ARGENTINAS- ANTONIO PAGÉS LARRAYA
Mi indagación estuvo y sigue estando puesta a prueba. Sin una selección arbitraria en el
"corpus" de la literatura argentina, he procurado que ciertas articulaciones profundas se
manifiesten en esa búsqueda de la identidad literaria como expresión de la identidad
nacional. La identidad de nuestra literatura se borra si la metáfora es reemplazada por la
linealidad, si el sistema acumulativo de las historias literarias logra interponerse y ocultar
la última y profunda desnudez de la escritura.

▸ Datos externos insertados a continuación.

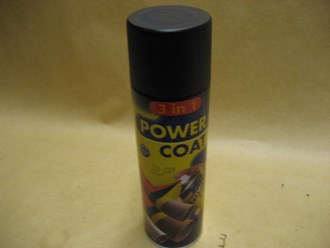 MALING POWER COAT RAL9005 MATT DYP SORT - SPRAY CAN
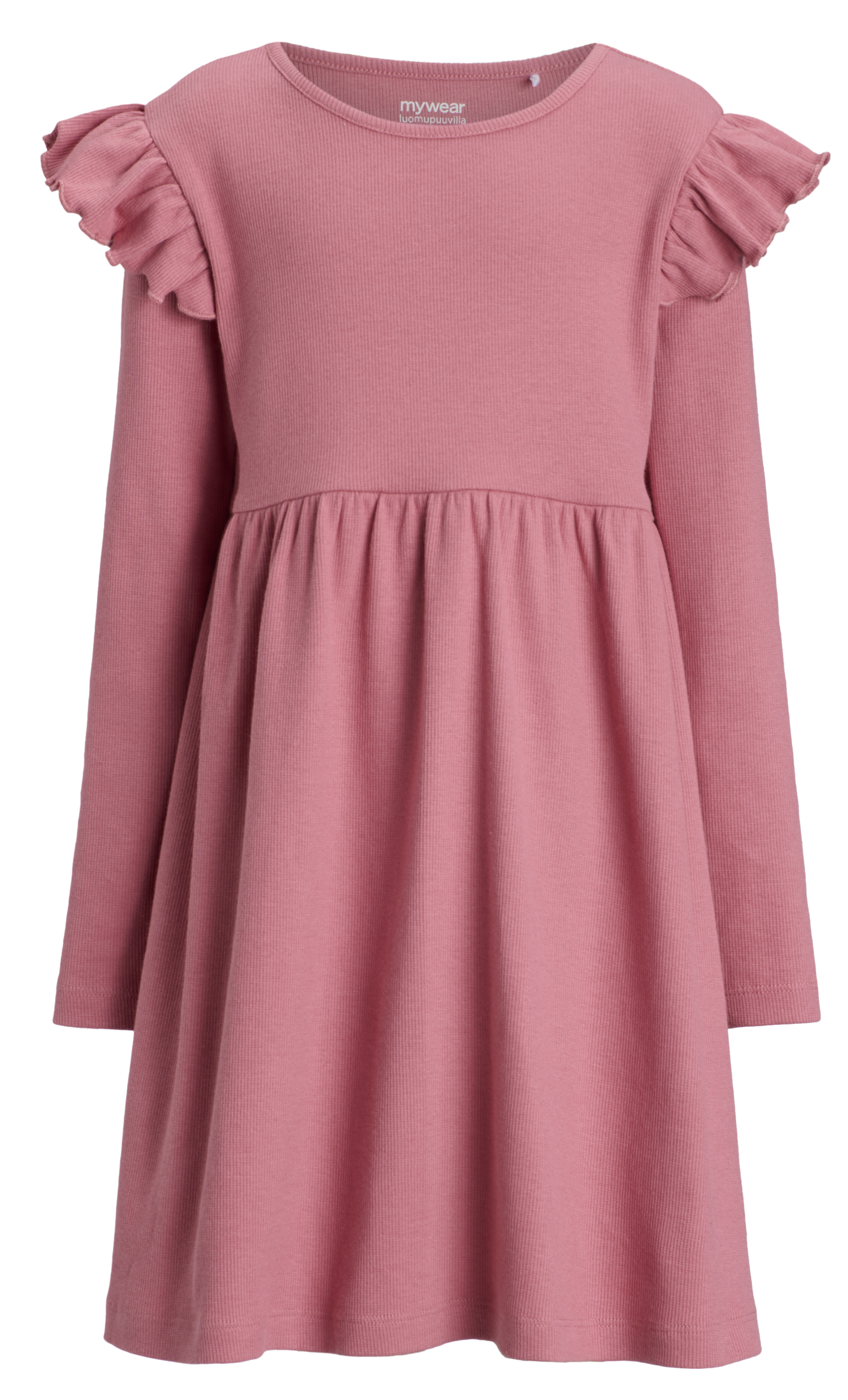 mywear Jolie ribbimekko vaaleanpunainen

Uno de los rasgos de nuestra identidad literaria es: la improvisación, el apresuramiento. El


hecho de que tantas obras argentinas (como El Matadero, La Bolsa, La Gran Aldea, los
poemas de Almafuerte, etc.) resultan de escrituras exasperadas, anticlásicas, liberadas de
modelos rígidos.

Considero una locura intentar una mirada totalizante a nuestra literatura. El sustento
esencial de mi discurso es que la literatura argentina posee una individualidad irreductible,
que precisa cualificarse. Usualmente se utiliza el término identidad como sinónimo de
originalidad. La identidad no es un museo de máscaras poéticas. Surge de creaciones
vivas que expresan las condiciones histórico-sociales y personales que las engendraron.
No existe ninguna escritura fija. Los textos de rehacen, se ocultan, burlan a sus distintos
receptores, bordean a veces lo agónico. En cada lectura debemos superar fronteras ya
trazadas.

Mi discurso se inscribe en un camino hacia la identidad totalmente opuesto a


teorizaciones dogmáticas. Lo que identifica a nuestra literatura, desde la Elegía de Luis de
Miranda a EI Matadero, o desde el Facundo hasta Los siete locos, es el entrelazamiento.

EN EL PRINCIPIO FUE LA ELEGÍA.

Aquí citamos a la elegía de Luis de Miranda, que lamenta la destrucción de la primera


Buenos Aires. Es la aldea miserable, destruida y abandonada la que llora su “triste”
Suerte y no Miranda. El poeta solamente Encarna y verbaliza artísticamente el ser
destruido de la ciudad, que habla con su voz expresando el terror al aniquilamiento y
hasta con una oscura fascinación Trágica.
Estos versos fueron los primeros escritos en el río dela plata, y los primeros escritos en
todo el nuevo mundo. reúnen muchos de los rasgos que señalan nuestra identidad
literaria, Ricardo rojas fue el primero que estudió detenidamente el poema, que hasta
entonces sólo se lo reconocía con un documento indiano olvidado.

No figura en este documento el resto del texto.